> DIRECTIONS:
Skip every picture, then write out exactly the lines of the listing below from the line that contains "Johntoy Glow Eenhoorn" through the final line.

> EXTRACTED ENTRIES:
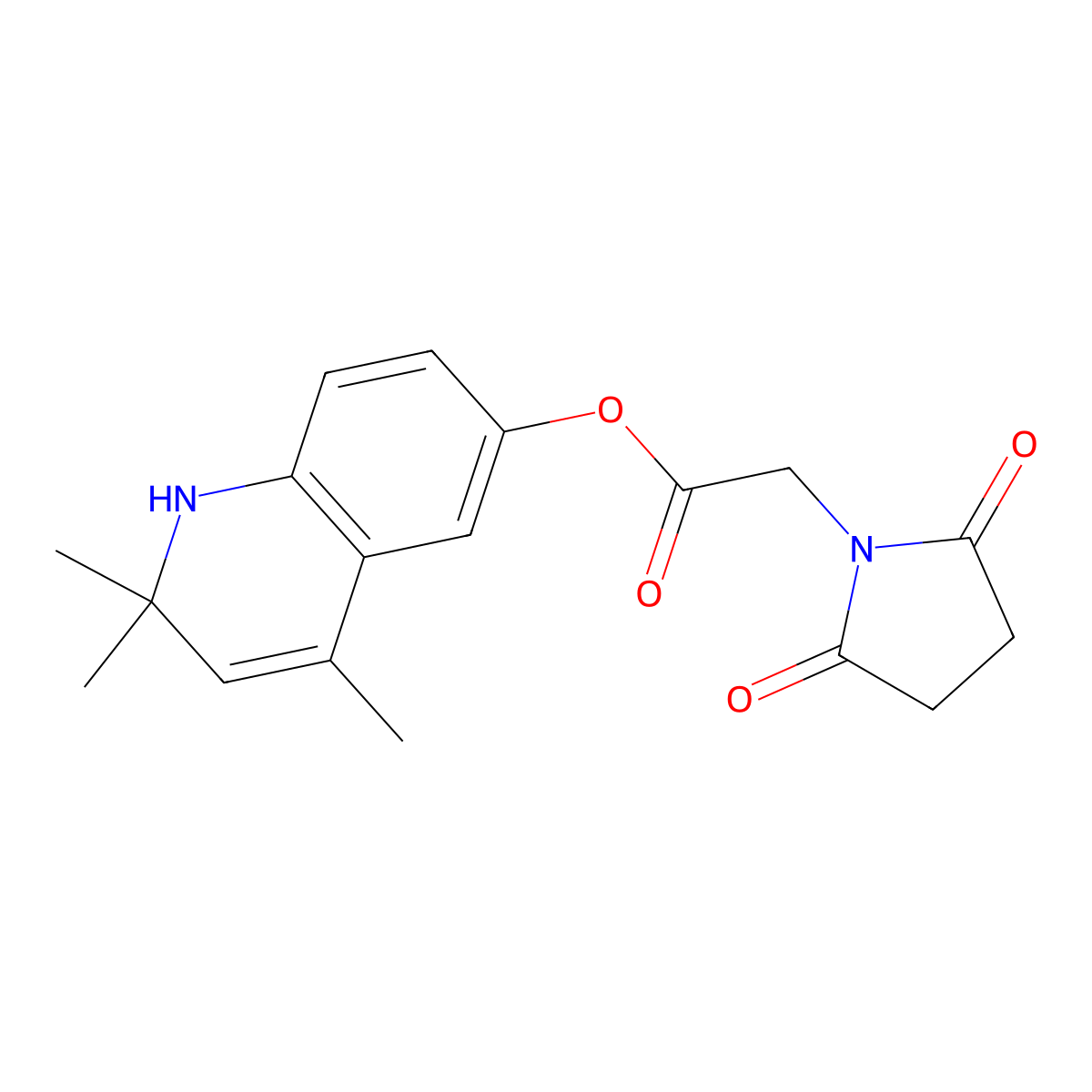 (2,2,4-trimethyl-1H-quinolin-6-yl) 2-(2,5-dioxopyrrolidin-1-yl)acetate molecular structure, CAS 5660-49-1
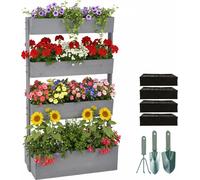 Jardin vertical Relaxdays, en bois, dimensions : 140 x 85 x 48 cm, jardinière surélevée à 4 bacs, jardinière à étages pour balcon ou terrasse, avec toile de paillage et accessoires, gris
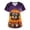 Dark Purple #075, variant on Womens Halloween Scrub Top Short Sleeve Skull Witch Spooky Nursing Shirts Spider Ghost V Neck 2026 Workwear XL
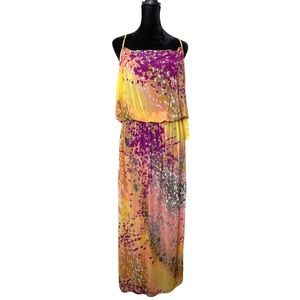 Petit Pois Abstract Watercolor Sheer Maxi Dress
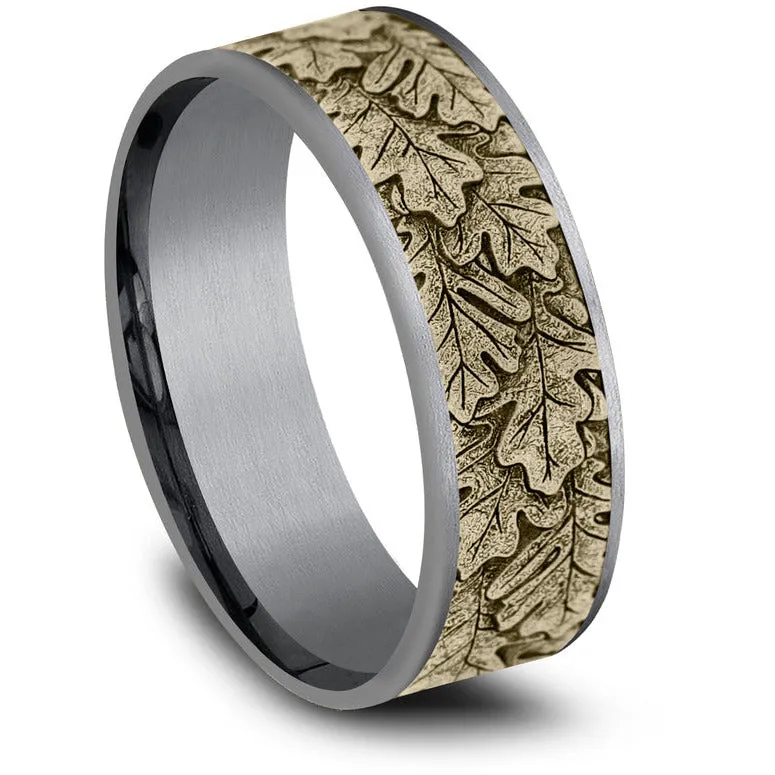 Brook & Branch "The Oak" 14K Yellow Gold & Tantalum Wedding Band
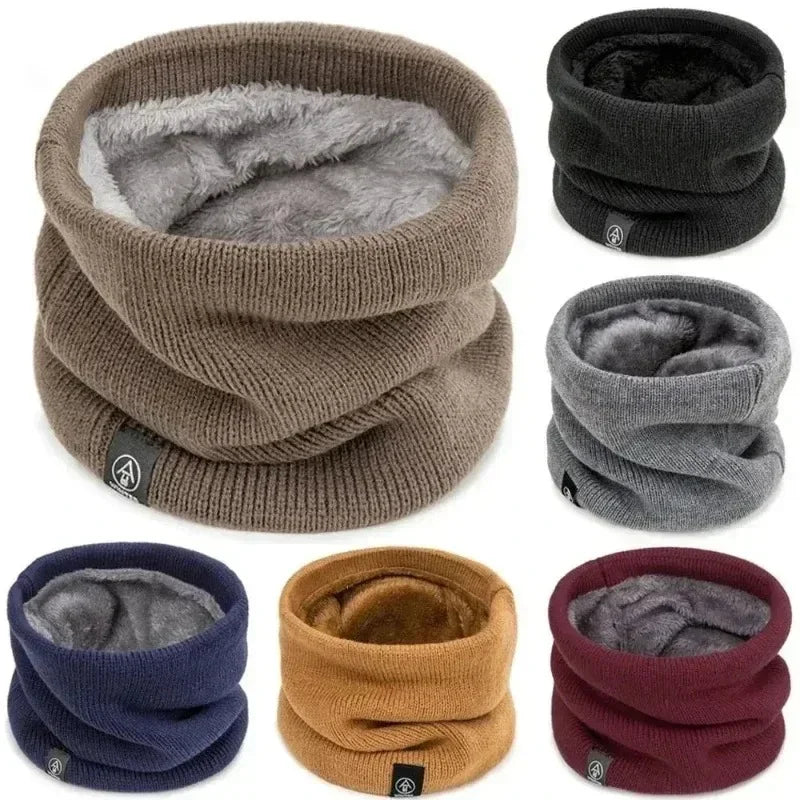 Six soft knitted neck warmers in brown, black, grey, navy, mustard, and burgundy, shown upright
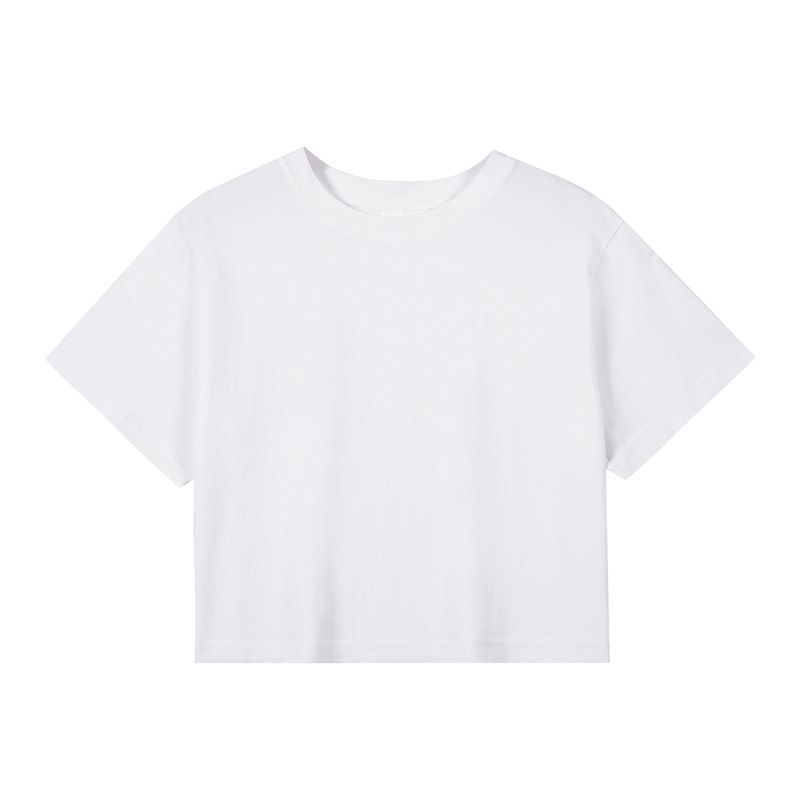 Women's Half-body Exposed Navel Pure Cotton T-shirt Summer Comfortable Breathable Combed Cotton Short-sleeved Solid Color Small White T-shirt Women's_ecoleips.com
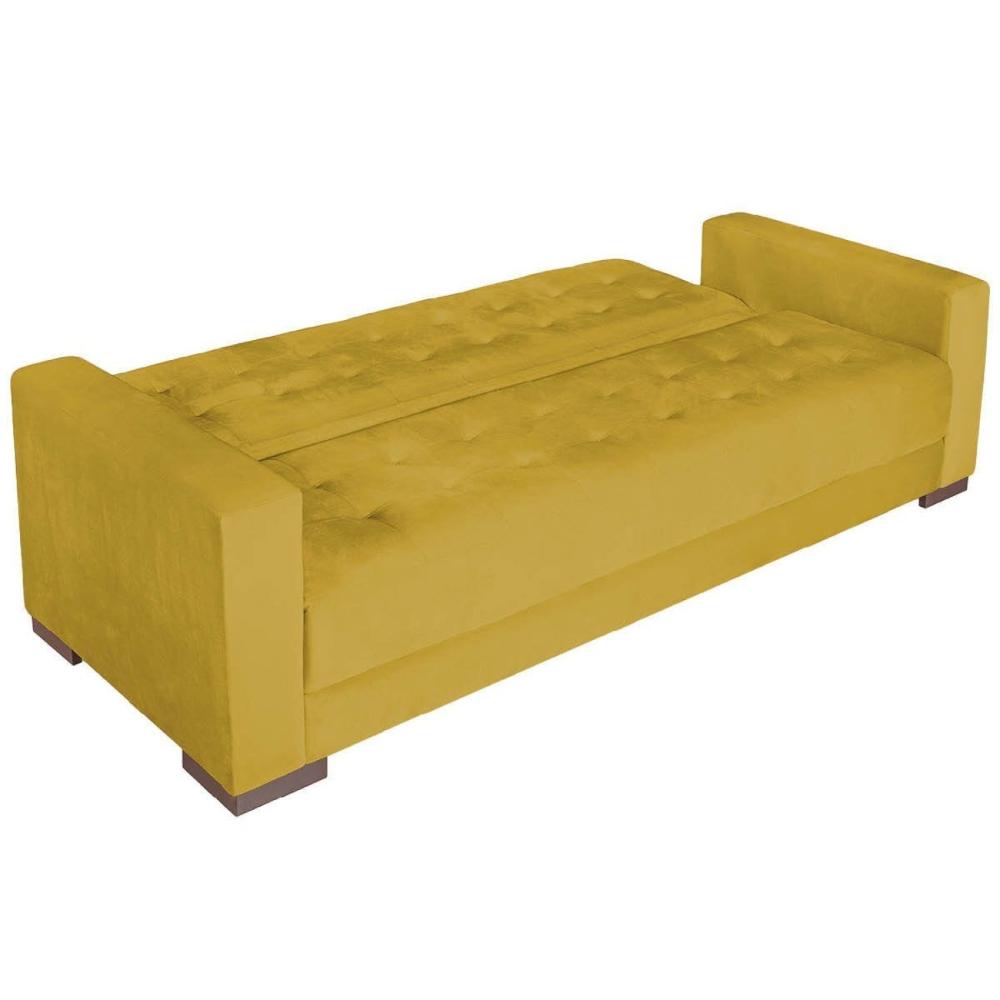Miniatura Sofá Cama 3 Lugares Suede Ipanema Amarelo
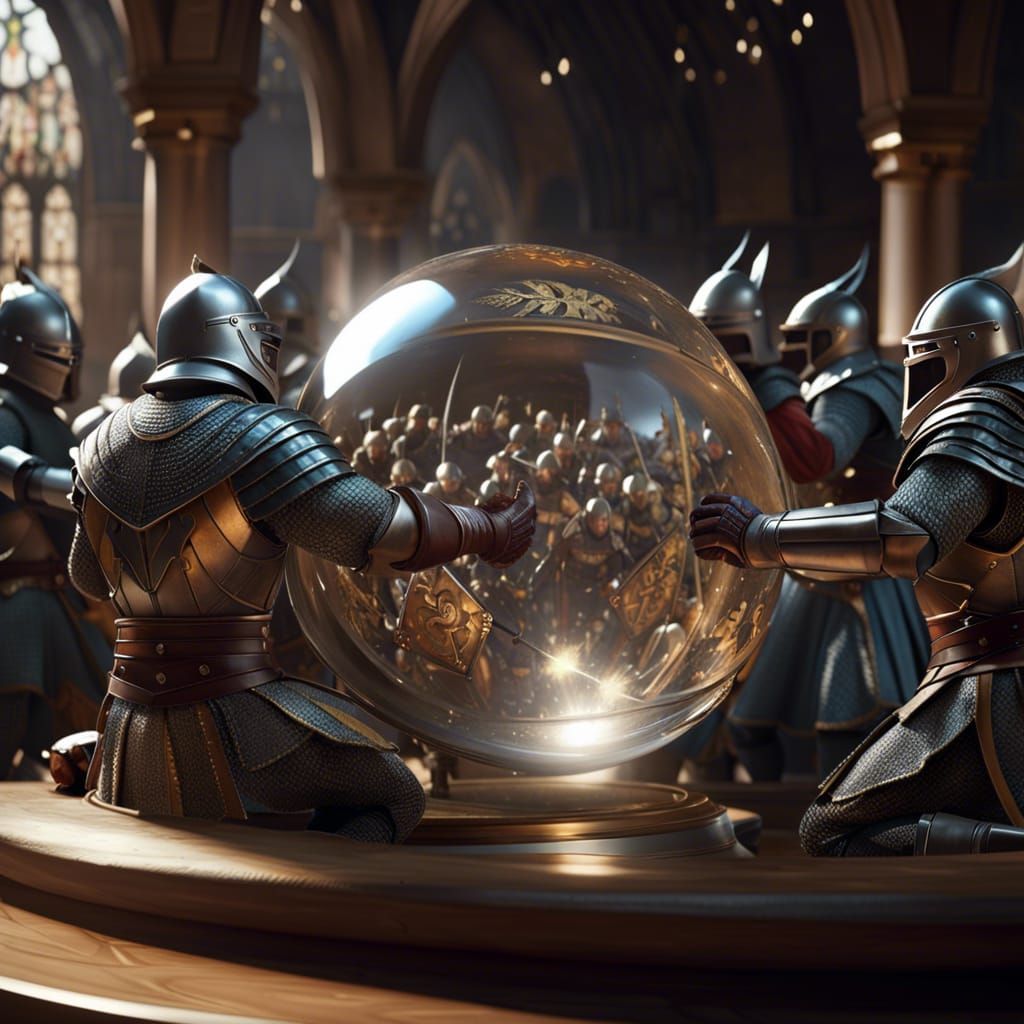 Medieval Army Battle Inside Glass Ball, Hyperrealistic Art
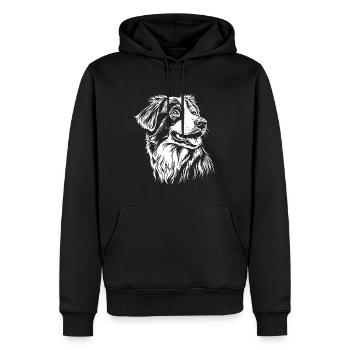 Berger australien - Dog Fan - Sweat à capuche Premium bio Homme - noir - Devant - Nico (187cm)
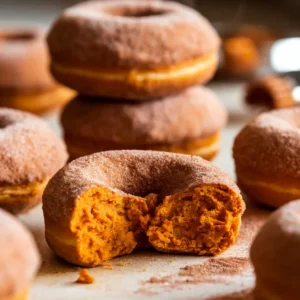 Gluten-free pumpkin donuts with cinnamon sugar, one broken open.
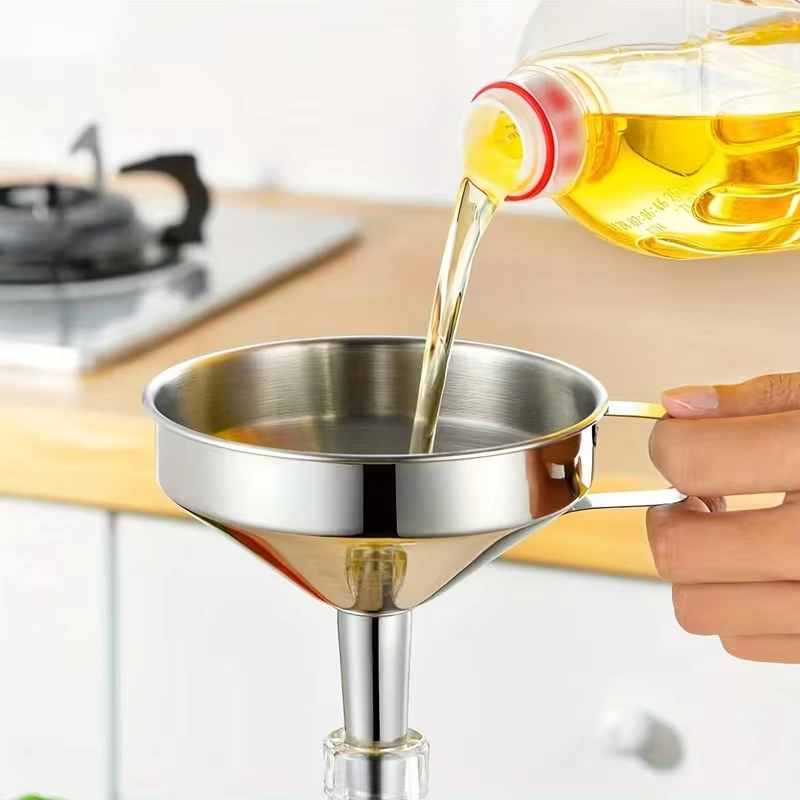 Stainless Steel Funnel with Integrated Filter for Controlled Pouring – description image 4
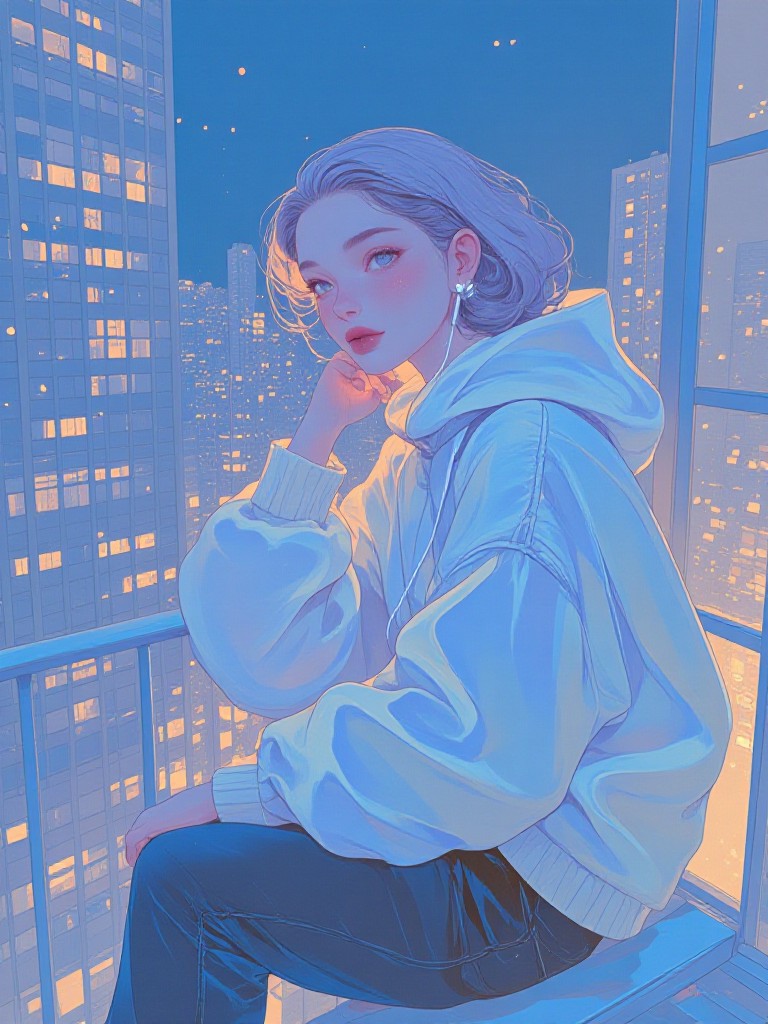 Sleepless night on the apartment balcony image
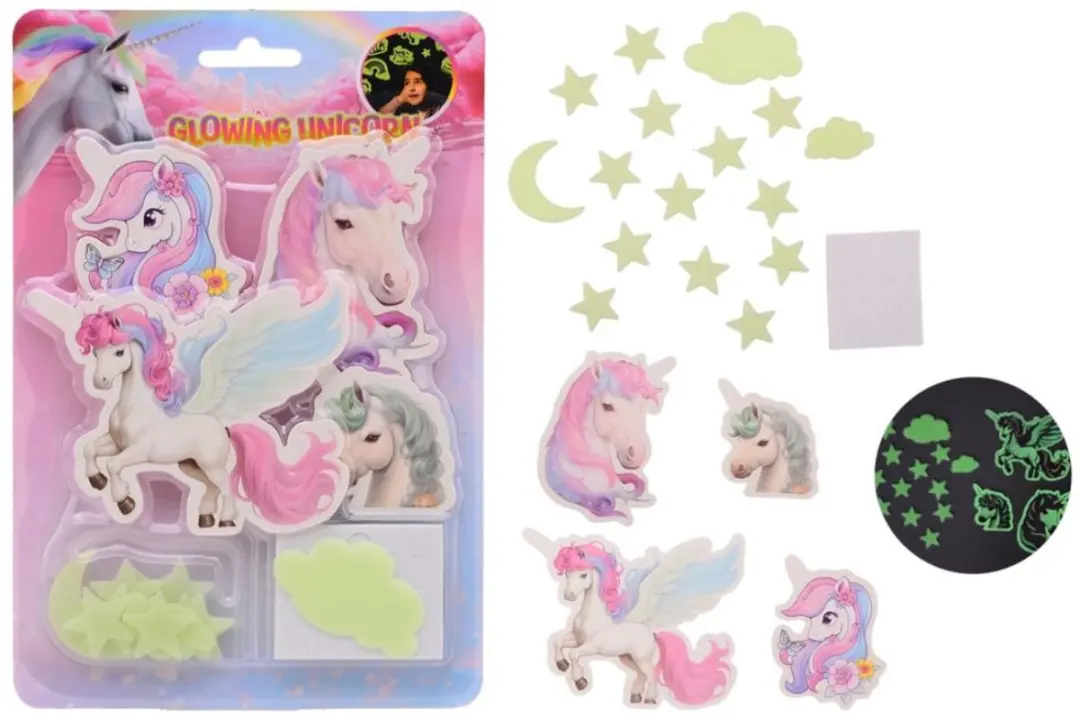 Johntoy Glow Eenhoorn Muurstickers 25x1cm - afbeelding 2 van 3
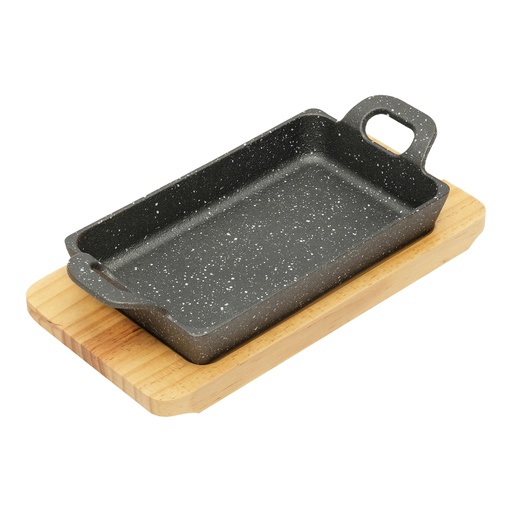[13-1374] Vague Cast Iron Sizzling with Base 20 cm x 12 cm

> EXERCISE ANSWER:
 Johntoy Glow Eenhoorn Muurstickers 25x1cm - afbeelding 2 van 3
[13-1374] Vague Cast Iron Sizzling with Base 20 cm x 12 cm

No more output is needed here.